Siaran pers Kementerian ESDM menyebutkan, INALUM telah membayar 3,85 miliar dollar AS kepada
Freeport McMoRan Inc. (FCX) dan Rio Tinto, untuk membeli sebagian saham FCX dan hak partisipasi
Rio Tinto di PTFI sehingga kepemilikan INALUM meningkat dari 9,36% menjadi 51,23%. “Kepemilikan
51,23% tersebut nantinya akan terdiri dari 41,23% untuk INALUM dan 10% untuk Pemerintah
Daerah Papua. Saham Pemerintah Daerah Papua akan dikelola oleh perusahaan khusus PT Indonesia
Papua Metal dan Mineral (IPMM) yang 60% sahamnya akan dimiliki oleh INALUM dan 40% oleh
BUMD Papua,” jelas siaran pers Kementerian ESDM, Jumat (21/12) 2018.

Ketenagakerjaan
Kebijakan PTFI adalah untuk memberikan kesempatan bekerja yang sama kepada seluruh
masyarakat. PT Freeport Indonesia juga menjunjung tinggi hak pekerja sesuai dengan hukum yang
berlaku di Indonesia. PTFI juga memiliki komitmen untuk melindungi hak asasi manusia dan sudah
secara tegas memberlakukan dan menegakkan kebijakan hak asasi manusia di dalam perusahaan.

PTFI memiliki Komitmen dan Kebijakan yang kuat dan tegas terhadap Hak Asasi Manusia. Komitmen
untuk menyediakan peluang bagi pembangunan sosial, pendidikan, dan ekonomi yang dinyatakan
melalui peraturan ketenagakerjaan sosial dan kebijakan Hak Asasi Manusia.

Pada tahun 2012 PT Freeport Indonesia mempekerjakan lebih dari 11.700 karyawan langsung dan
lebih dari 12.400 karyawan kontraktor.

Jumlah karyawan langsung PTFI: 64,04% Non Papua, 34,63% Papua, dan 1,33% Asing.
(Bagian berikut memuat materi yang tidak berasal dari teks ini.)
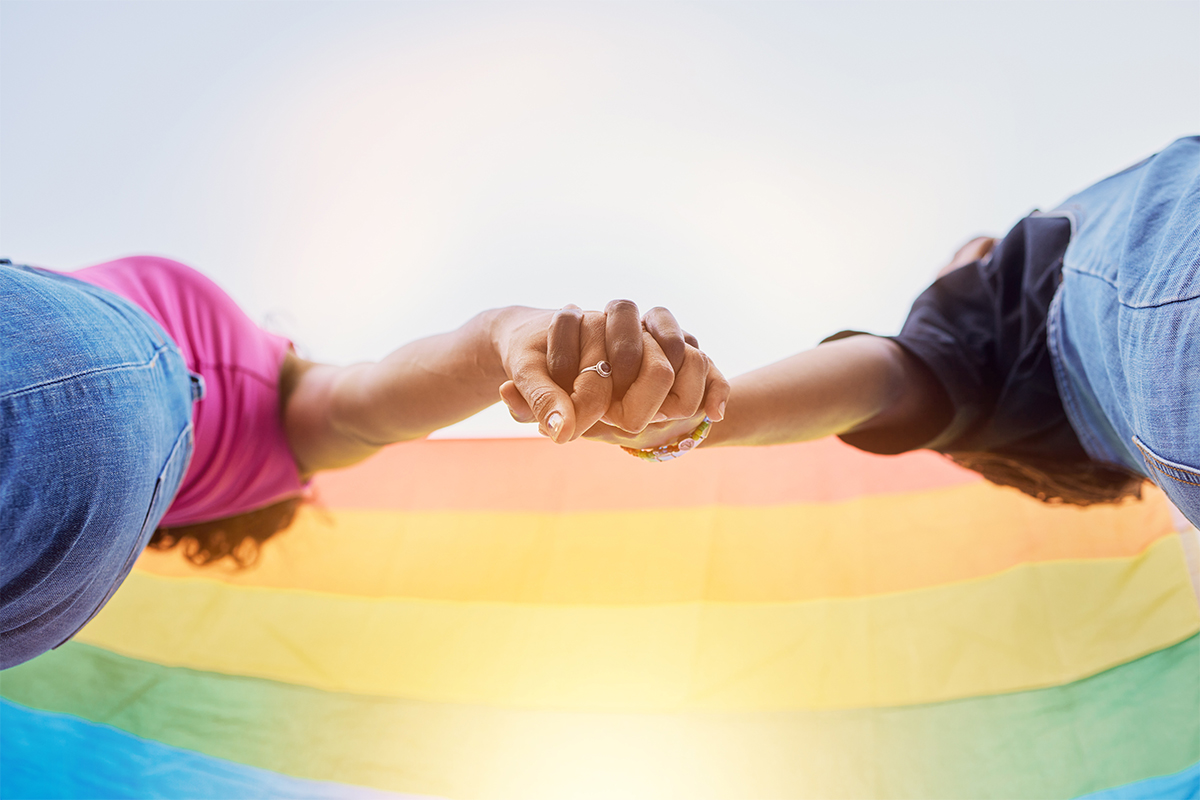 Zwei Junge Frauen halten sich an den Händen. Die Perspektive des Fotos ist stark untersichtig.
Jumlah karyawan PTFI + Perusahaan mitra dan kontraktor, termasuk Institut Pertambangan
Nemangkawi (IPN): 97,8% Indonesia, 2,20% Asing.

Sejak tahun 1996 perusahaan telah menggandakan jumlah karyawan Papua. Dalam 10 tahun, jumlah
karyawan Papua di tingkat staff meningkat 4 kali lipat, jumlah staf karyawan Papua di tingkat
supervisor 6x lipat.
Karyawan Papua memegang fungsi strategis manajemen di PTFI: 5 Vice President dan 36 Jajaran
Manajerial.

Pada tahun 2003 dibangun Institut Pertambangan Nemangkawi (IPN) untuk memberikan
kesempatan mengembangan pengetahuan, keterampilan dan sikap maupun perilaku yang
profesional di bidang operasi dan penunjangnya. Program magang 3 tahun dengan 4 bulan masa
belajar off job dan 8 bulan on job. IPN mengikuti standar nasional dan peraturan dari ESDM serta
standar internasional lainnya.

3.800 Siswa magang

20 Jenis keterampilan

90% siswa asli Papua

1800 Siswa sudah bekerja di PTFI dan kontraktornya

Meningkatkan karyawan staff wanita di PTFI dan kontraktor: 12% tahun 2003 dan meningkat
menjadi 13,5% pada tahun 2012

PTFI berupaya menciptakan lingkungan kerja yang aman dan kami menjadikan “Keselamatan sebagai
budaya” dalam organisasi PTFI. PTFI memiliki satu catatan terbaik dalam industry sumber daya alam,
tapi yang terpenting bagi PTFI adalah tidak terjadinya kecelakaan.

Kontribusi Freeport Indonesia


Sebagai mitra jangka panjang Indonesia yang memberikan kontribusi terhadap pertumbuhan
ekonomi nasional dan komunitas lokal, Freeport Indonesia telah berinvestasi sebesar US$7,7 miliar
dalam infrastruktur selama 45 tahun di Indonesia.

Berdasarkan riset yang diadakan oleh Universitas Indonesia, sampai saat ini usaha PTFI mewakilkan
1,59% dari semua kegiatan ekonomi di Indonesia dengan 300.000 karyawan Indonesia dan
keluarganya bergantung pada PTFI untuk kelangsungan hidup mereka. PTFI juga berkeinginan untuk
terus berinvestasi dan menjadi bagian dari Indonesia untuk jangka waktu yang lama.